→ EXERCISE INSTRUCTIONS
Set down all of the data that follows, keeping every character.

→ EXERCISE DATA
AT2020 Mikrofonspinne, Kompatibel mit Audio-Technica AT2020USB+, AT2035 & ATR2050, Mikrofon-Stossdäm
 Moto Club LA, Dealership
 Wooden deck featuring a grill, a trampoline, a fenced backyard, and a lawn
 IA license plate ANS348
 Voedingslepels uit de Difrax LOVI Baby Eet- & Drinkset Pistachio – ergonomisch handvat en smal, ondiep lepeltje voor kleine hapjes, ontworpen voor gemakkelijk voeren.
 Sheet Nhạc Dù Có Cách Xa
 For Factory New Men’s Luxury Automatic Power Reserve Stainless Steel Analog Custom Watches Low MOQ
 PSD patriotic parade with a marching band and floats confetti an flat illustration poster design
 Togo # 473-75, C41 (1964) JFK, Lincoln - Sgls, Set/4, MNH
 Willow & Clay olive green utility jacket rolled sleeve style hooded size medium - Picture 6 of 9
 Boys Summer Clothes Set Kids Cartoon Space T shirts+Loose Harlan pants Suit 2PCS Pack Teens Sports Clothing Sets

→ ANSWER AREA
AT2020 Mikrofonspinne, Kompatibel mit Audio-Technica AT2020USB+, AT2035 & ATR2050, Mikrofon-Stossdäm
 Moto Club LA, Dealership
 Wooden deck featuring a grill, a trampoline, a fenced backyard, and a lawn
 IA license plate ANS348
 Voedingslepels uit de Difrax LOVI Baby Eet- & Drinkset Pistachio – ergonomisch handvat en smal, ondiep lepeltje voor kleine hapjes, ontworpen voor gemakkelijk voeren.
 Sheet Nhạc Dù Có Cách Xa
 For Factory New Men’s Luxury Automatic Power Reserve Stainless Steel Analog Custom Watches Low MOQ
 PSD patriotic parade with a marching band and floats confetti an flat illustration poster design
 Togo # 473-75, C41 (1964) JFK, Lincoln - Sgls, Set/4, MNH
 Willow & Clay olive green utility jacket rolled sleeve style hooded size medium - Picture 6 of 9
 Boys Summer Clothes Set Kids Cartoon Space T shirts+Loose Harlan pants Suit 2PCS Pack Teens Sports Clothing Sets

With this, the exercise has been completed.